### WHAT THE EXERCISE ASKS
For the records below, copy exactly the span that begins at the line containing "Nara Heritage Walkabout" and stops after the line containing "What are the", minus any pictures.

### SOURCE MATERIAL
- - - - - - -

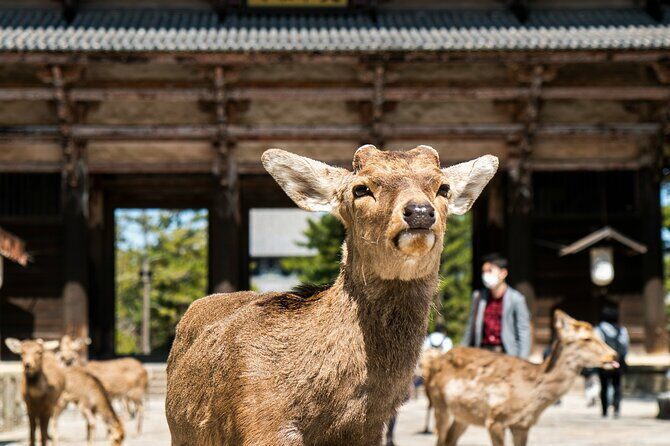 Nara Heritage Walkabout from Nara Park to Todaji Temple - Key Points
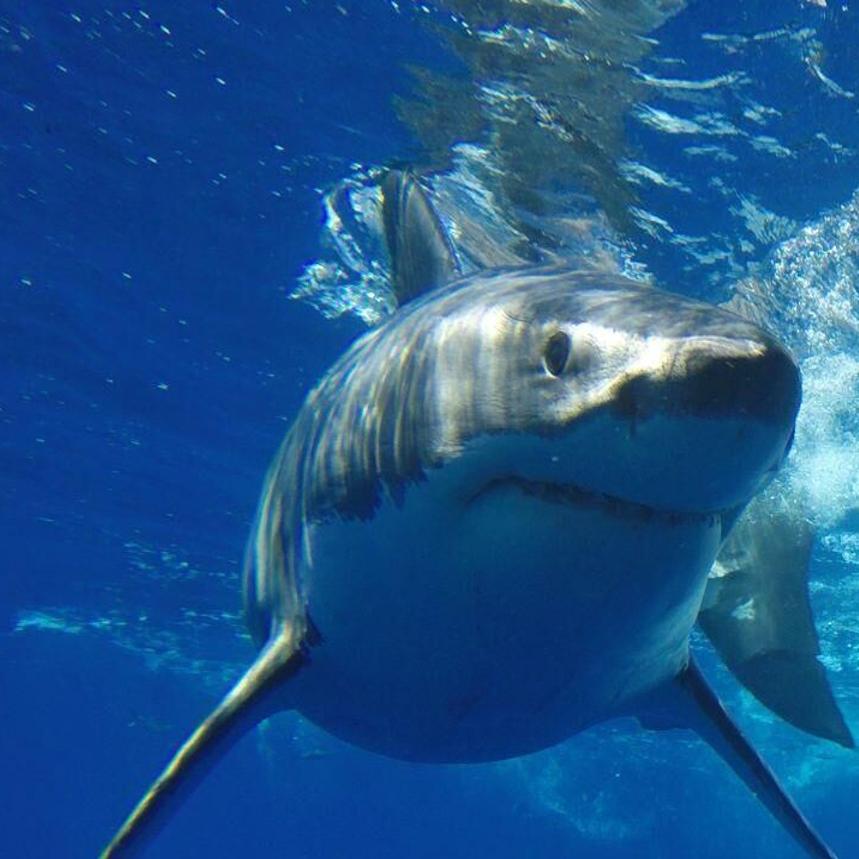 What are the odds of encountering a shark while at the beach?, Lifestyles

- - - - - - -

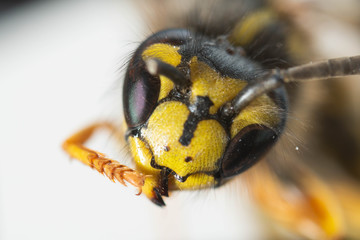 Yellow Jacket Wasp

- - - - - - -

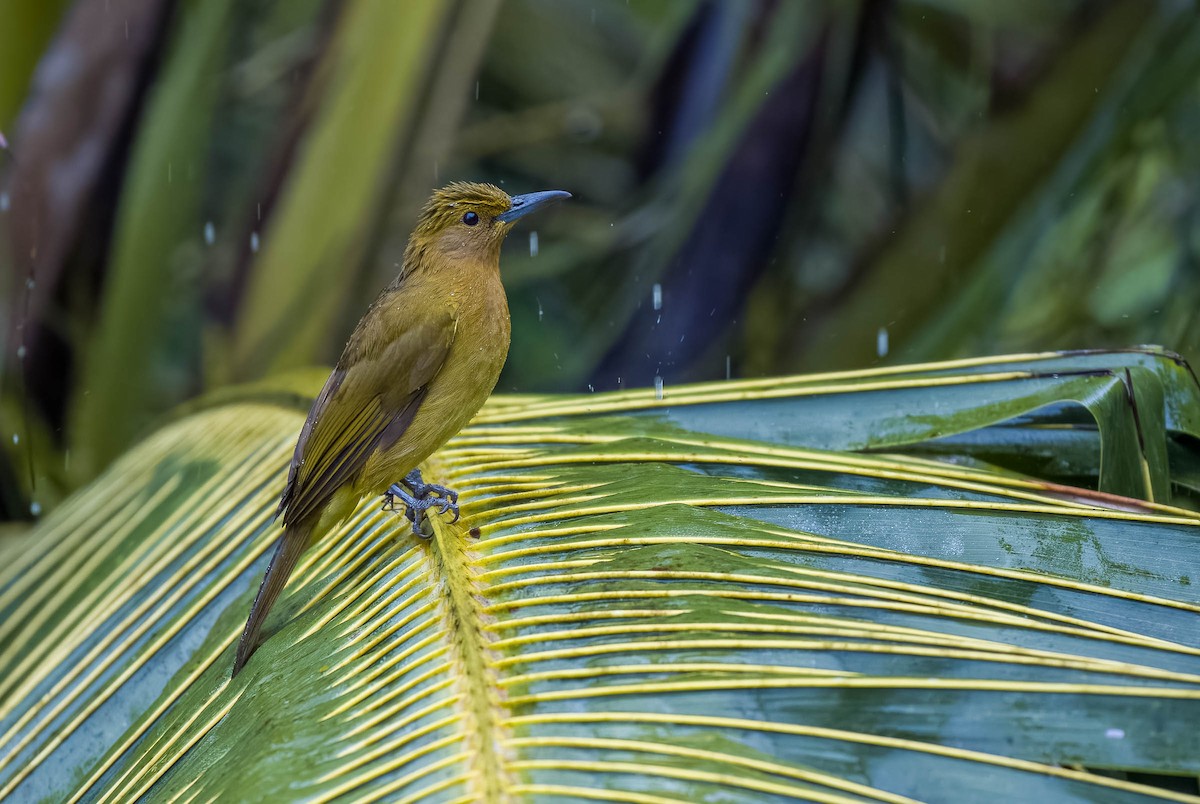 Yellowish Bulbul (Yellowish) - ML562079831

- - - - - - -

### EXERCISE SOLUTION
 Nara Heritage Walkabout from Nara Park to Todaji Temple - Key Points
 What are the odds of encountering a shark while at the beach?, Lifestyles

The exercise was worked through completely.